Intervention mapping (IM), a systematic method for the development, implementation and evaluation of health interventions outlined by Bartolomew et al. [26
], has proven to be a useful way to construct programs grounded both in theory and empirical data [28
]. IM proceeds according to the following steps. Step 1 consists of a needs assessment through a review of the scientific literature to analyse the target population, environmental conditions, and determinants of health behaviour. In step 2 the determinants of the health behaviour are used to set objectives for behaviour change, divided in broad performance objectives and concrete change objectives in terms of what a person needs to learn to change his or her behaviour. In step 3, theoretical foundations and empirically evaluated methods and strategies for behaviour change are assessed. In step 4, the methods and strategies are translated into an organized intervention. In step 5, the adoption, implementation and sustainability of the intervention is planned. In step 6, an evaluation plan is provided for and carried out. The strategies used in this project for each of the six steps in Intervention Mapping are reported on in detail below.

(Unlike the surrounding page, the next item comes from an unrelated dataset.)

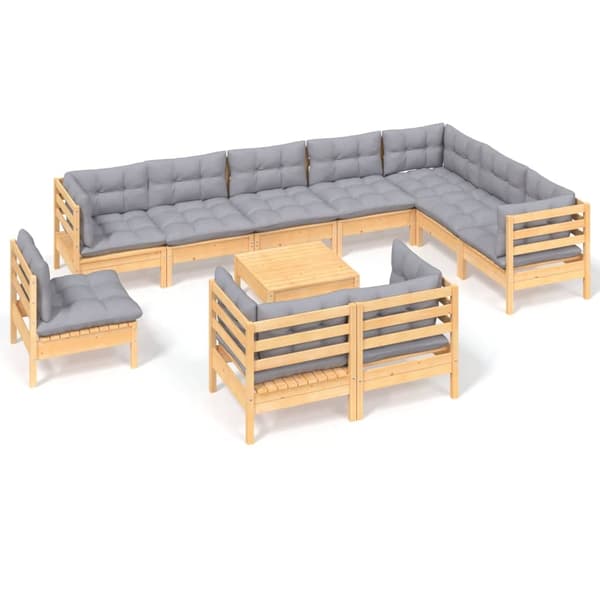 vidaXL Loungegrupp med dynor 11 delar grå furu grå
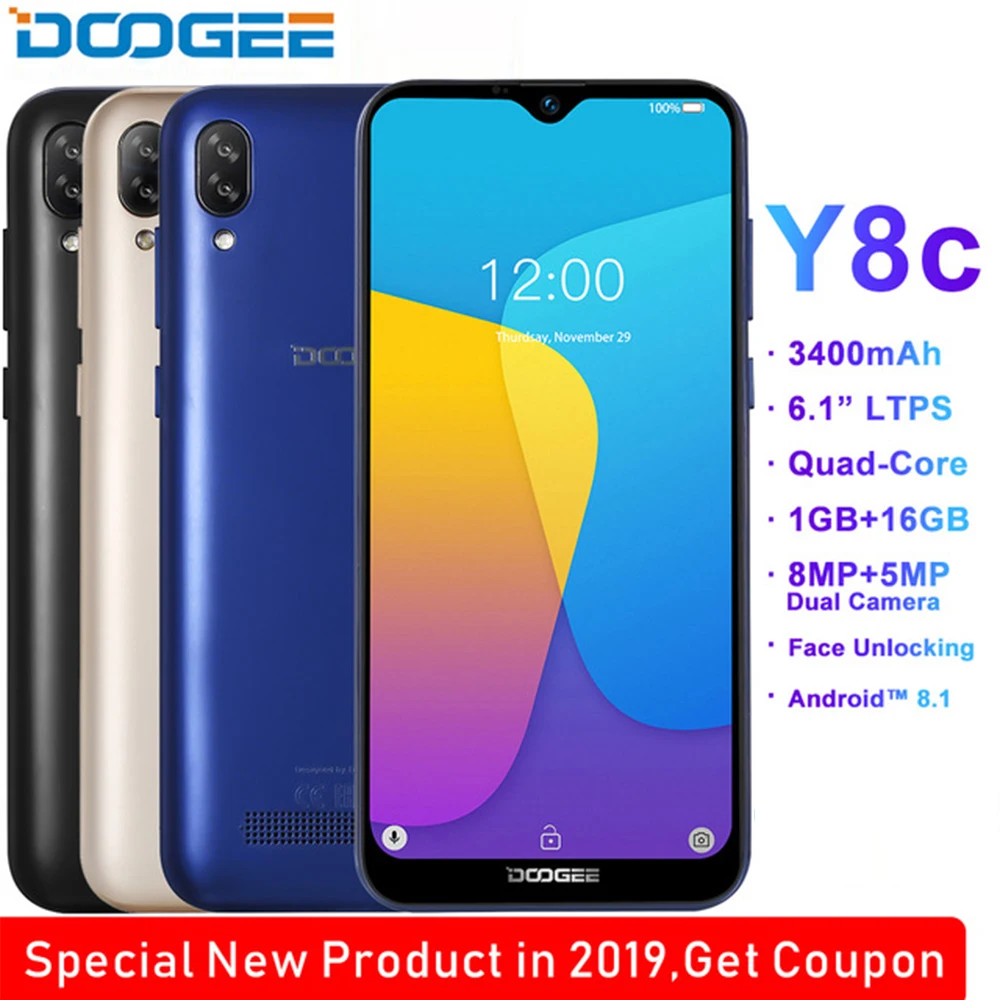 DOOGEE Y8c смартфон с 6 1 дюймовым дисплеем процессором 19:9 ОЗУ ГБ ПЗУ 16 3400 мАч 8 Мп + 5 МП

For step 1 and 2, we carried out a comprehensive review of the literature on 'difficult' patients. The MEDLINE, CINAHL, and PsycINFO databases were searched for English articles published between 1979 and 2004, retrieving 94 eligible papers [7
]. Next we undertook additional research to describe the health behaviour and its determinants: a qualitative interview study among patients [30
], a survey among community mental health clinicians [17
], and a Delphi-exercise among scientists/policy makers/expert-professionals [16
]. We concluded with the formulation of the overall behavioural objective of the intervention, and the more concrete change objectives.
For step 3, we made a theoretical analysis of ineffective chronic illness behaviour [Koekkoek B, Hutschemaekers G, van Meijel B, Schene A: How do patients become to be seen as 'difficult'?: a mixed-methods study in community mental health care, revision submitted], which forms the foundation of the intervention program. We conducted a review of therapeutic methods available to change determinants (assessed in step 1), reach objectives (formulated in step 2), and confront ineffective behaviours of both patients and professionals [search strategy and results available from the 1st author]. Additionally, since empirical findings were limited, we collected data from current best practice sites. We visited three well-known national best practices, specialized in three important domains of long-term non-psychotic disorders (mood disorders, substance abuse disorders, and personality disorders) for data on possible effective practice-based strategies not yet described in the literature. Selection of these best practices took place by searching national scientific and professional journals, searching conference programs and reports, and inviting leaders in the fields (e.g. professors, directors, educators) to suggest best practices.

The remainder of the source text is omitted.